- [Data supplied]:
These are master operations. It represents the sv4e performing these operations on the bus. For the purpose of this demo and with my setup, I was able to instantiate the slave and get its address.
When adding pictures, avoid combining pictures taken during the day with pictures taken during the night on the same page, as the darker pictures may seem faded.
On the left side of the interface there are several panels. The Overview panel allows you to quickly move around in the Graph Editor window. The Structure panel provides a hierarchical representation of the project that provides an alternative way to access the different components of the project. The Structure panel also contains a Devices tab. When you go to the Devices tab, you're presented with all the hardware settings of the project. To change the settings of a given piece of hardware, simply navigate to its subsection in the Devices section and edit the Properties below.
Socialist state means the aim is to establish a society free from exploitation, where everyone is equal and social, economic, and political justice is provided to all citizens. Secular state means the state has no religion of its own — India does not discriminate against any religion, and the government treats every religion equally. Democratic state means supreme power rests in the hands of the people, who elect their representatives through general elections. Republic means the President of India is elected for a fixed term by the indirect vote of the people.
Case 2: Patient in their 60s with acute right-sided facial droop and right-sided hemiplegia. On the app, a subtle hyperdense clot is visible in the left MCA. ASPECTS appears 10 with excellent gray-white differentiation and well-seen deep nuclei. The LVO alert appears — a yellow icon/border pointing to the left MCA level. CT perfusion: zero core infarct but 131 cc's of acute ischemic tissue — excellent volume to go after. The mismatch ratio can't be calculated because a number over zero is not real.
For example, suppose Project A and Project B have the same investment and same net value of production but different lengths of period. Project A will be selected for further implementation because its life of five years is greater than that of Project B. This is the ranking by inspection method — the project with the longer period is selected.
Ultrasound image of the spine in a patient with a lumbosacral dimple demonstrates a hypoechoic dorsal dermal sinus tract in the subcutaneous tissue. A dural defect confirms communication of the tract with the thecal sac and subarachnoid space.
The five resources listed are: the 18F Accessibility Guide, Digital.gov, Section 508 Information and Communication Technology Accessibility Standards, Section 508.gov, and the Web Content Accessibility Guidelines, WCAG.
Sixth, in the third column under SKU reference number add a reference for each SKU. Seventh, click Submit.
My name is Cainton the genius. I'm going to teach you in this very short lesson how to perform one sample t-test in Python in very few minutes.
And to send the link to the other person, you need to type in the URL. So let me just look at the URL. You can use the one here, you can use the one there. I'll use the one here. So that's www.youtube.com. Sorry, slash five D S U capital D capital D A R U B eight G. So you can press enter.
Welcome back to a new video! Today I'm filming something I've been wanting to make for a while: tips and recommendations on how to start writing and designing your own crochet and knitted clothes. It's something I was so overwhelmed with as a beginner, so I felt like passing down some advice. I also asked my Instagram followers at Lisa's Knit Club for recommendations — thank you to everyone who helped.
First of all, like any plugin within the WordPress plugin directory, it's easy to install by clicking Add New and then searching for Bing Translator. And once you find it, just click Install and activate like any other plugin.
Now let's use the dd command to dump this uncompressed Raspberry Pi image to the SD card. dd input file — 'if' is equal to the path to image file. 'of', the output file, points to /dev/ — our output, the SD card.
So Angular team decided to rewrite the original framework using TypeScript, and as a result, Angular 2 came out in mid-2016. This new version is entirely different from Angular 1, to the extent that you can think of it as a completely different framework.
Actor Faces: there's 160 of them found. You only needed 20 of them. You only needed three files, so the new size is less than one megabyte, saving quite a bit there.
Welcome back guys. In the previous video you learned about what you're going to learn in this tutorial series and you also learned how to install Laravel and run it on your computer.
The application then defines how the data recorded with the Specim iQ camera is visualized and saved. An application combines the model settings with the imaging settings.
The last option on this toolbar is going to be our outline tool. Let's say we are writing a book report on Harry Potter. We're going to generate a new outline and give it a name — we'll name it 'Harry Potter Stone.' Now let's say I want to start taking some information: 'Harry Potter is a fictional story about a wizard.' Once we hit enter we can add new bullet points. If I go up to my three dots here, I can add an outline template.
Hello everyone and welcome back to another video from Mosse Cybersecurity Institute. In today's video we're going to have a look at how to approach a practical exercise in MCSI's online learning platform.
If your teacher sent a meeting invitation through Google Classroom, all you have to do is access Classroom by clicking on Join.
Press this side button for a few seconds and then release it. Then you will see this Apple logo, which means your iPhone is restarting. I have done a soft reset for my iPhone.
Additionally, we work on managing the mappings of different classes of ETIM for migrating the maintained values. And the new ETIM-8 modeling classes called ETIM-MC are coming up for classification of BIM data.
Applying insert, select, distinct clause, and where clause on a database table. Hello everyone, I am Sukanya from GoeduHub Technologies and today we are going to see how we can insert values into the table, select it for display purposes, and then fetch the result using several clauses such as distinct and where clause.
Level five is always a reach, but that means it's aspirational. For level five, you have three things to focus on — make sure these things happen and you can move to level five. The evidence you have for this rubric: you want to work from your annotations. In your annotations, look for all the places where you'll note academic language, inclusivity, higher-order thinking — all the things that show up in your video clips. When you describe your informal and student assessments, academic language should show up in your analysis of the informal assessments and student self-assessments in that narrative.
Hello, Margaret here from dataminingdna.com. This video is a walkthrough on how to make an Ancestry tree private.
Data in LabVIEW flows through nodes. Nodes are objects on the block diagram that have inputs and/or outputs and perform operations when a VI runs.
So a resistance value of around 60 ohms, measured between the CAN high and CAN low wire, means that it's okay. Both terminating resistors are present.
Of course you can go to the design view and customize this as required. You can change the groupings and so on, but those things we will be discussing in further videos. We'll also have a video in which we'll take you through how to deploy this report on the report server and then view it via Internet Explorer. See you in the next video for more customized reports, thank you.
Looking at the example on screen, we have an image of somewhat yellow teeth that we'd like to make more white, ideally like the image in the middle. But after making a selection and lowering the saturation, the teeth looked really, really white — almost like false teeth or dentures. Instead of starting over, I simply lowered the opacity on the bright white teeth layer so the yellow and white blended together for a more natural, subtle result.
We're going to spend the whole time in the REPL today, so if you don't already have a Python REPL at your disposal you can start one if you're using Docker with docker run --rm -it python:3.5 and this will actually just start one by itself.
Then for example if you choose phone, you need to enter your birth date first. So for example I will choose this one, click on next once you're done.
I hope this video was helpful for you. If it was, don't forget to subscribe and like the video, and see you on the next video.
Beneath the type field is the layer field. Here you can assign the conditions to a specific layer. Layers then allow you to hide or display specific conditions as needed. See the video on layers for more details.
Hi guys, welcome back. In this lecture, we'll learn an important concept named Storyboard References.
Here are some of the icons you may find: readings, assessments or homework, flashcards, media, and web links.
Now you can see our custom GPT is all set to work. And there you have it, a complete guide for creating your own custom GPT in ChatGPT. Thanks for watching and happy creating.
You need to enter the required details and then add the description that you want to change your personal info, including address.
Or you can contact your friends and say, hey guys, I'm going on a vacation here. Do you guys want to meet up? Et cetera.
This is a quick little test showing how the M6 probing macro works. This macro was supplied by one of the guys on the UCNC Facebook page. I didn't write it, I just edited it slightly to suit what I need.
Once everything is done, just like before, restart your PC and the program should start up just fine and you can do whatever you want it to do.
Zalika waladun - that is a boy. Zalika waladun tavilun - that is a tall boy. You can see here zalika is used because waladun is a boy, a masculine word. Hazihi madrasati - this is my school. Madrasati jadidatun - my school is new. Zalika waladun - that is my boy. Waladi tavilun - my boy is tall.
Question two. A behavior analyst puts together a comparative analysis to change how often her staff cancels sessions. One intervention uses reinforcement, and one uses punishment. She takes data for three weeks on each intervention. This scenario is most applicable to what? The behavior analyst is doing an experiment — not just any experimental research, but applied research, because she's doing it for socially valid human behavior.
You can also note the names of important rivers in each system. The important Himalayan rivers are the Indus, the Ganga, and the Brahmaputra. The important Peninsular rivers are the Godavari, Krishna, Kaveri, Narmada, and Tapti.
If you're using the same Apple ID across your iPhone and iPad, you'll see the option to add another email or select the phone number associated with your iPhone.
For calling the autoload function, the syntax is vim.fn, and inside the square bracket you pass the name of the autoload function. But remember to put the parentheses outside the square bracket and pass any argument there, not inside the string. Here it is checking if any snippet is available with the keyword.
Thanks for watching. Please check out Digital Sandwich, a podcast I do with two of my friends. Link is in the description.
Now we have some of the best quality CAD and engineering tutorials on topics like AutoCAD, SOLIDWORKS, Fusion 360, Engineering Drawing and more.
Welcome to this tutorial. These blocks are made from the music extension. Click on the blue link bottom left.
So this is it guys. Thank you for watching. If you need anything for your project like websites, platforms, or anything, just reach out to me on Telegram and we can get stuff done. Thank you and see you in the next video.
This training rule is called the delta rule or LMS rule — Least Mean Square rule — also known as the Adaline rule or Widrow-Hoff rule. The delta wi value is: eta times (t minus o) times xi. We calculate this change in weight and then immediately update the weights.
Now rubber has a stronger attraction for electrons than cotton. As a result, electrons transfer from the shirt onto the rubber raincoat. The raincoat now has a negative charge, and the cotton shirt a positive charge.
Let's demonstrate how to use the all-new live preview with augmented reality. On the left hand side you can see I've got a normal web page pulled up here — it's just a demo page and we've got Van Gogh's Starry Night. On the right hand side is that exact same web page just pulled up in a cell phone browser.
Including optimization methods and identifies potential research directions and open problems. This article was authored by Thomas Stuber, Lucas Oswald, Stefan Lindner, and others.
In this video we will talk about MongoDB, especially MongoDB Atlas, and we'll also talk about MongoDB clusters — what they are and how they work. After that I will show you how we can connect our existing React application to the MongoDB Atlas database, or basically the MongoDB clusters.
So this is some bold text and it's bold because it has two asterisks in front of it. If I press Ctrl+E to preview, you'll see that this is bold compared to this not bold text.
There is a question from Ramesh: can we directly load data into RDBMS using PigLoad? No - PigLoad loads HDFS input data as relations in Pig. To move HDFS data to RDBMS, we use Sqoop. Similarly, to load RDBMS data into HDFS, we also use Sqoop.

- [Problem requirements]: The response must consist solely of the lines from the first line of the entries through the line containing "When adding pictures, avoid", repeated exactly.

- [The answer]:
These are master operations. It represents the sv4e performing these operations on the bus. For the purpose of this demo and with my setup, I was able to instantiate the slave and get its address.
When adding pictures, avoid combining pictures taken during the day with pictures taken during the night on the same page, as the darker pictures may seem faded.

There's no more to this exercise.